Any tips on exercises, stretches, etc. to help with this? Riding doesn't seem to strengthen or alleviate it at all so I need to do something that will address it directly.


late
10-04-09, 04:51 PM
gears.

you could try adjusting the cleat to get your right foot a bit further out.

TrekJapan
10-06-09, 01:34 AM
Before you do anything like making adjustments take a look at an ebook called The Pain Free Runner.

It discusses muscle pains and the cause in great detail. I recently had some back / hip issues from a too intense (for me) yoga session. Hurt slightly but constantly for a month or two. I broke out the book and found two hot spots. One in my right piriformus muscle and the other in my right calf.

When I went to massage the calf I almost passed out from the pain. It was really knotted. (I run almost daily and bike quite a bit and seldom rest my legs). Anyway the pain diminished pretty much right away and was gone completely after a couple days.

John


tadawdy
10-06-09, 01:46 AM
+1 on any form of myofascial release. Foam rollers and tennis balls have done wonders for me. Stretching is the natural impulse, but pressure helps shut off the muscle.

ironhorse3
10-06-09, 03:15 AM
Can that be done on the iliacus / iliopsoas? These are inside the body, near the spine (the pork loin, if you will).

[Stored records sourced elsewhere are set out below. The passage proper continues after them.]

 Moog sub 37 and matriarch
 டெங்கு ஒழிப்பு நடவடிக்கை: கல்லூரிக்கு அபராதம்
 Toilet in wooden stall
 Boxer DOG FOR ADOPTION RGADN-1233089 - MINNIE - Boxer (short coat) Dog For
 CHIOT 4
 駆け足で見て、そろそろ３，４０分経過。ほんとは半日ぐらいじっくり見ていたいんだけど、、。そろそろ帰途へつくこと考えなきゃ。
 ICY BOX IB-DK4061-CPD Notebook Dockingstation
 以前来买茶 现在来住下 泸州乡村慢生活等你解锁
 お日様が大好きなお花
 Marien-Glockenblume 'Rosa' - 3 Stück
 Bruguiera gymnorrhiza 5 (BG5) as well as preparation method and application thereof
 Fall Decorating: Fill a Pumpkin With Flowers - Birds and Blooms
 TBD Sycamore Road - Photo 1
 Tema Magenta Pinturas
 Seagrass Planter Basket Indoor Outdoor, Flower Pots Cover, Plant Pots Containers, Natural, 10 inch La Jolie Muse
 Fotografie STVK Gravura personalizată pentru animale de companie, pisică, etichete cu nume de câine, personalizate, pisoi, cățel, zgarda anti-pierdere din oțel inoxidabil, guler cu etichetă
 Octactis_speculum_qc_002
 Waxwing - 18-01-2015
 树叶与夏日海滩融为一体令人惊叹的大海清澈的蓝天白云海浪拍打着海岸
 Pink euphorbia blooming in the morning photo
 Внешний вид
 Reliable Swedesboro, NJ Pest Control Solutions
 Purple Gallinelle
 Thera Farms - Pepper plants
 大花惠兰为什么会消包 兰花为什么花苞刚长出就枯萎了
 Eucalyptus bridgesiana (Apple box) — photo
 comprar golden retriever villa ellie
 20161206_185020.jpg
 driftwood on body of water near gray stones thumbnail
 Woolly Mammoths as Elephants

You might be applying a lot of power to the upstroke (pulling on the pedal clips). Try a smoother pedaling sequence for awhile to see if that helps. Stretching the ileopsoas requires you to extend the hip with the knee bent. A physiotherapist can best advise you on this.

chipcom
10-06-09, 05:02 AM
I've noticed improvement in some people with this problem once they pull their heads out of their asses.
YMMV

ModoVincere
10-06-09, 06:47 AM
gears.

you could try adjusting the cleat to get your right foot a bit further out.


+1 on any form of myofascial release. Foam rollers and tennis balls have done wonders for me. Stretching is the natural impulse, but pressure helps shut off the muscle.

both of these.....and double check your fit on that bike. Since you are stating that it only seems to occur on that bike, I would suggest starting with a proper fitting to make sure everything is proper.

TimJ
10-06-09, 10:14 AM
+1 on any form of myofascial release. Foam rollers and tennis balls have done wonders for me. Stretching is the natural impulse, but pressure helps shut off the muscle.


Before you do anything like making adjustments take a look at an ebook called The Pain Free Runner.

It discusses muscle pains and the cause in great detail. I recently had some back / hip issues from a too intense (for me) yoga session. Hurt slightly but constantly for a month or two. I broke out the book and found two hot spots. One in my right piriformus muscle and the other in my right calf.

When I went to massage the calf I almost passed out from the pain. It was really knotted. (I run almost daily and bike quite a bit and seldom rest my legs). Anyway the pain diminished pretty much right away and was gone completely after a couple days.

John

I will check these suggestions out. Thanks.